In recent weeks, I’ve learned of two new books on embedded librarianship. I haven’t read them yet, but I plan to do so.
The first is Developing Community-Led Public Libraries, by John Pateman and Ken Williment (http://bit.ly/12yDccC ) In categorizing it as embedded librarianship, I’m probably inferring a relationship the authors didn’t intend. They don’t use the word “embedded” in any of the snippets I’ve read so far. Still, their emphasis on relationships and on partnering with members of the community link up well with the core principles of embedded librarianship. In their introduction, Pateman and Williment write, “Since a community-led approach is based upon the development of relationships with individuals from various communities, by initially focusing on a geographical community or specific community of interest (for example, seniors, people with disabilities, etc.), it provides a library system with a viable and practical introduction to using community-led services.” and “Once needs have been identified and prioritized they can be met by using a community development approach. This is very different from an outreach approach which simply takes library services (which have been designed, planned, delivered and evaluated by library staff) out of the library and into community settings. A community development approach is based on creating meaningful and sustained relationships with local communities, while acknowledging that the community is the expert on its members’ own needs. Library staff become listeners rather than tellers, and staff and community co-produce library services.”

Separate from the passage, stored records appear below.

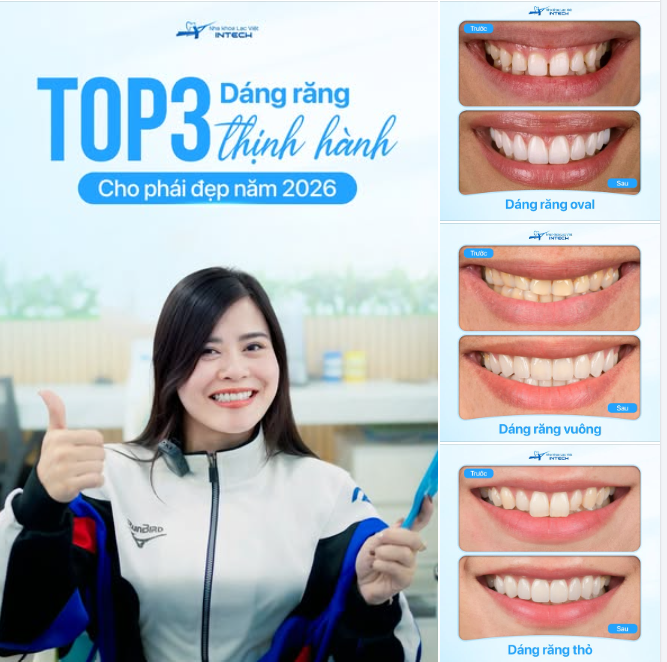 TOP 3 DÁNG RĂNG THỊNH HÀNH CHO PHÁI ĐẸP NĂM 2026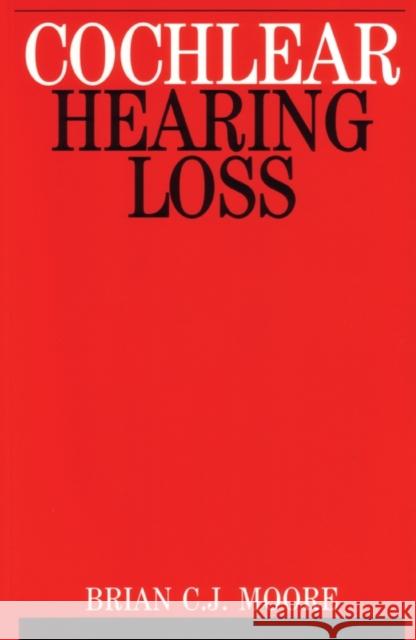 Cochlear Hearing Loss Brian C. J. Moore 9781861560919 John Wiley & Sons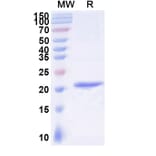 SDS-PAGE - Anti-IgE Nanobody [SAA1191] (A338005) - Antibodies.com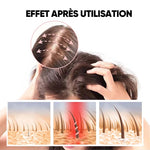 Shampooing au gingembre contre la chute des cheveux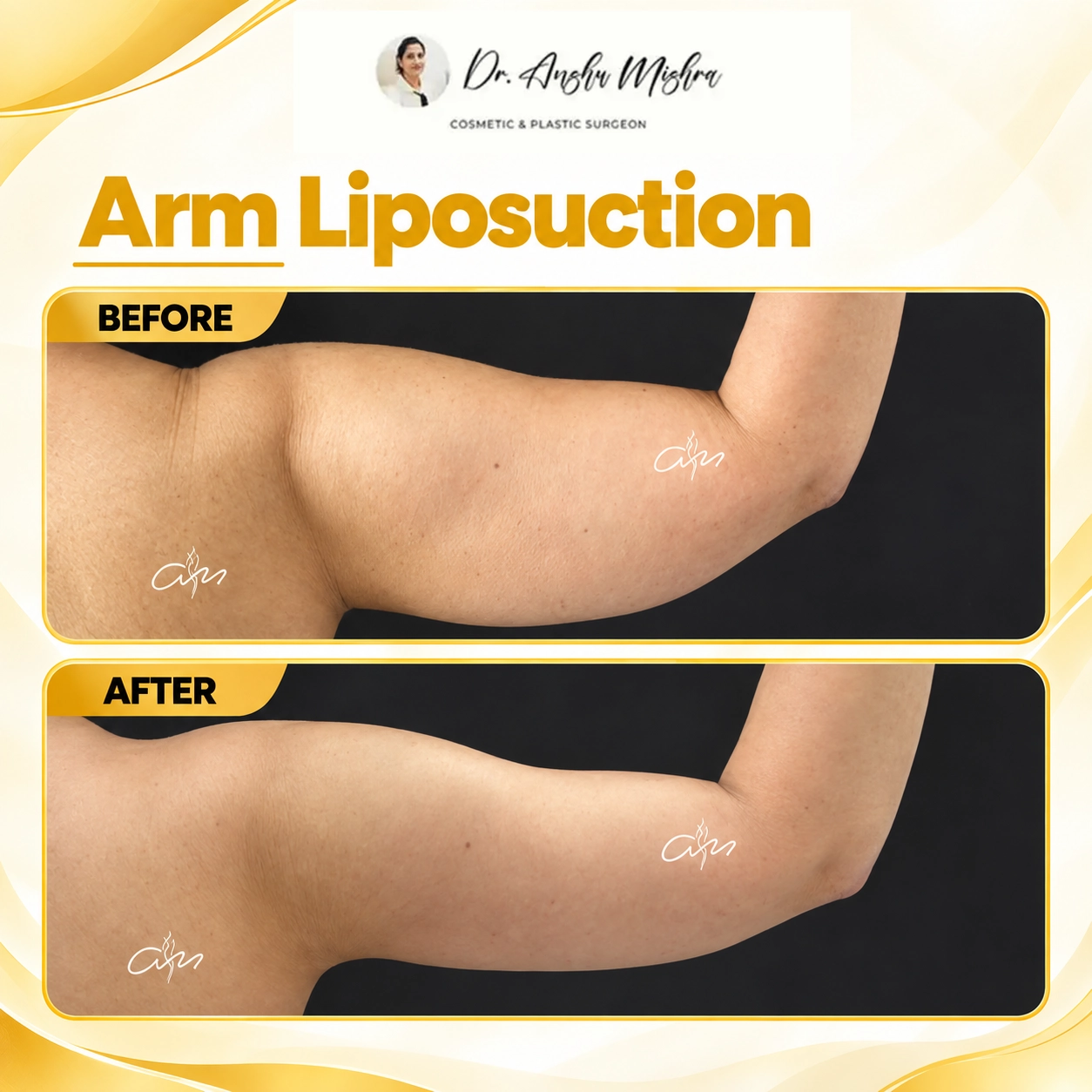 Arm Liposuction
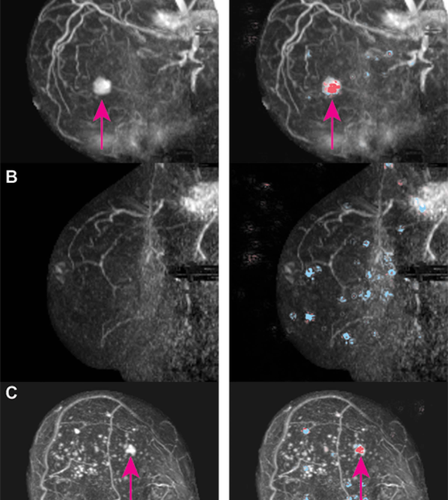 AI helps rule out cancer in dense breasts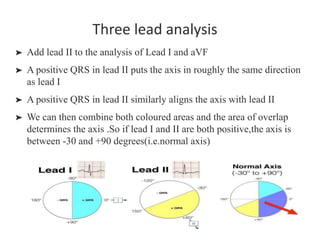 Ecg basics | PPT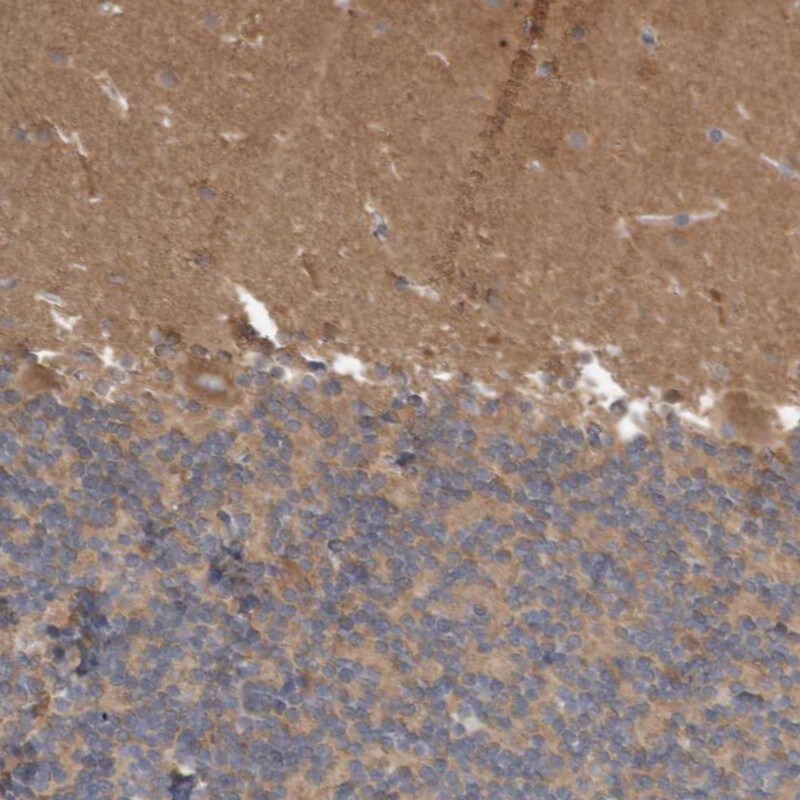 ANKK1 Antibody - BSA Free Immunohistochemistry-Paraffin: ANKK1 Antibody - BSA Free [NBP1-86849]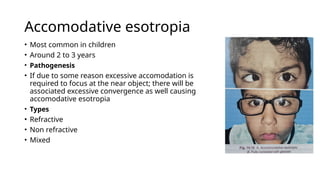 comitant strabismus and history of treatment.pptx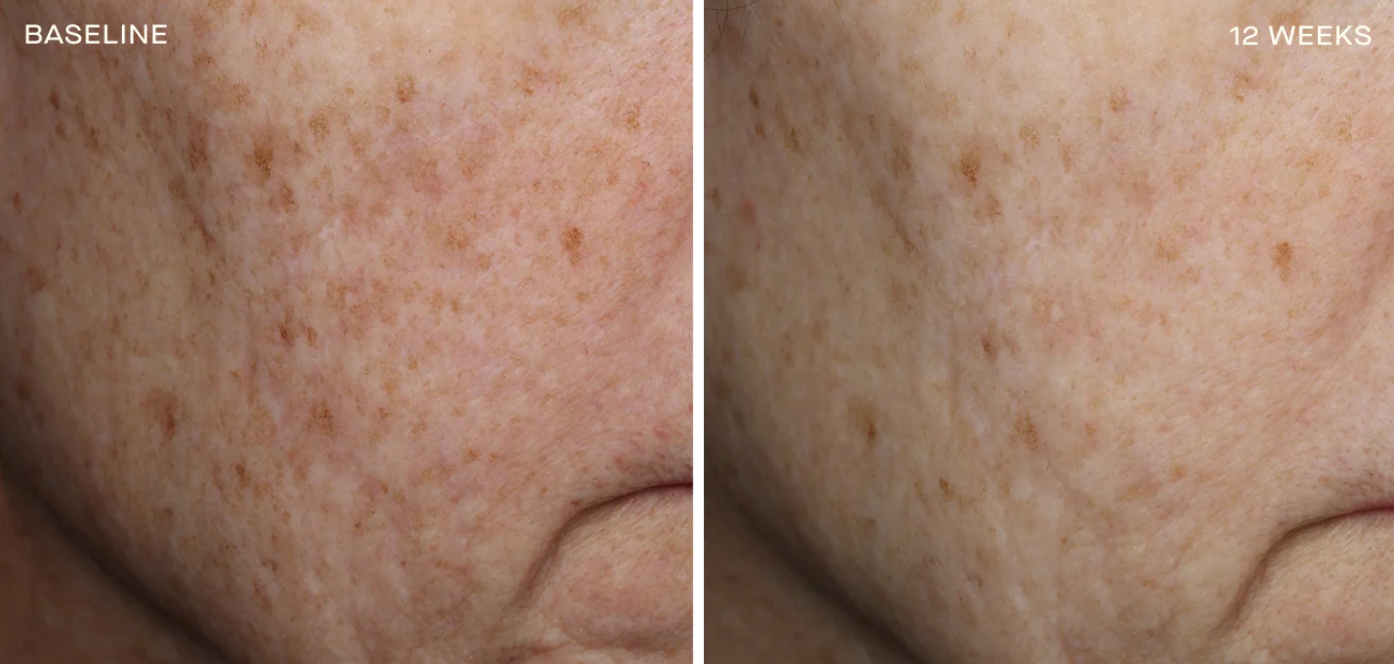 Complexion Brightening Serum 30ML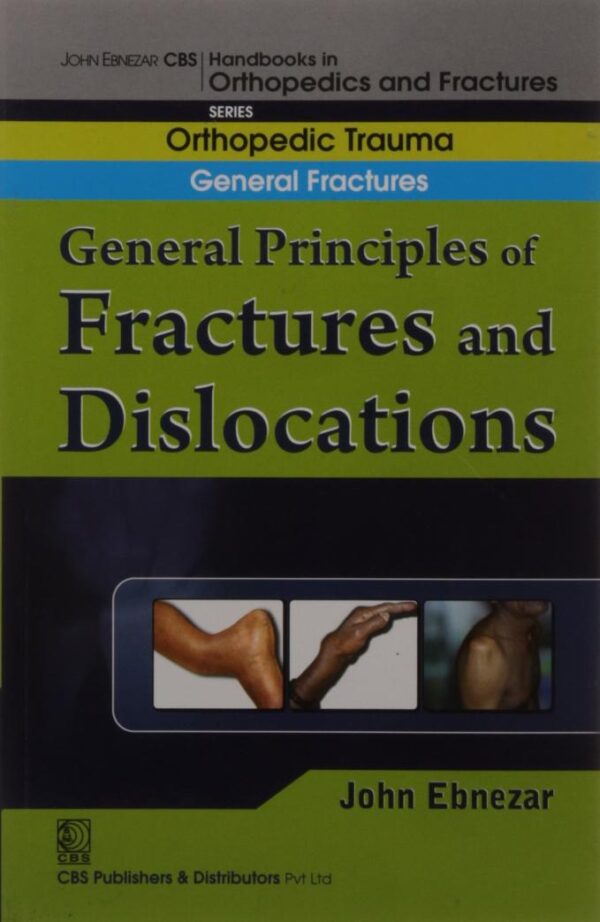 GENERAL PRINCIPLES OF FRACTURES AND DISLOCATIONS (HANDBOOK OF ORTHOPEDICS AND FRACTURES SERIES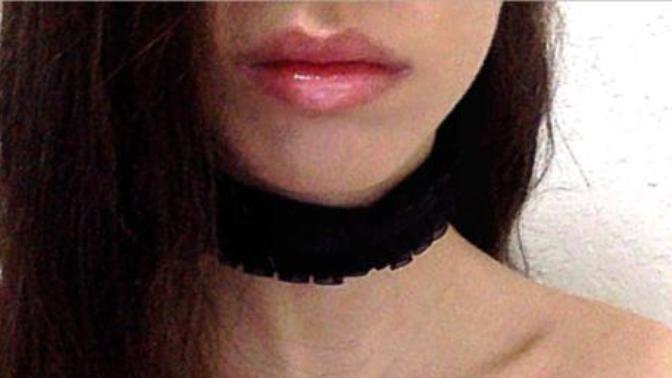 Rate my lips? (filler)?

The second is Embedding Librarianship in Learning Management Systems: A How-To-Do-It Manual for Librarians, by Beth Tumbleson and John Burke (http://www.alastore.ala.org/detail.aspx?ID=4266 ) The authors draw on their own experience as academic librarians, as well as a survey of embedded academic librarians. Starting from the premise that information literacy instruction works best when integrated (or embedded) with actual research problems.
I’m excited to see both of these additions to the literature, and look forward to reading them.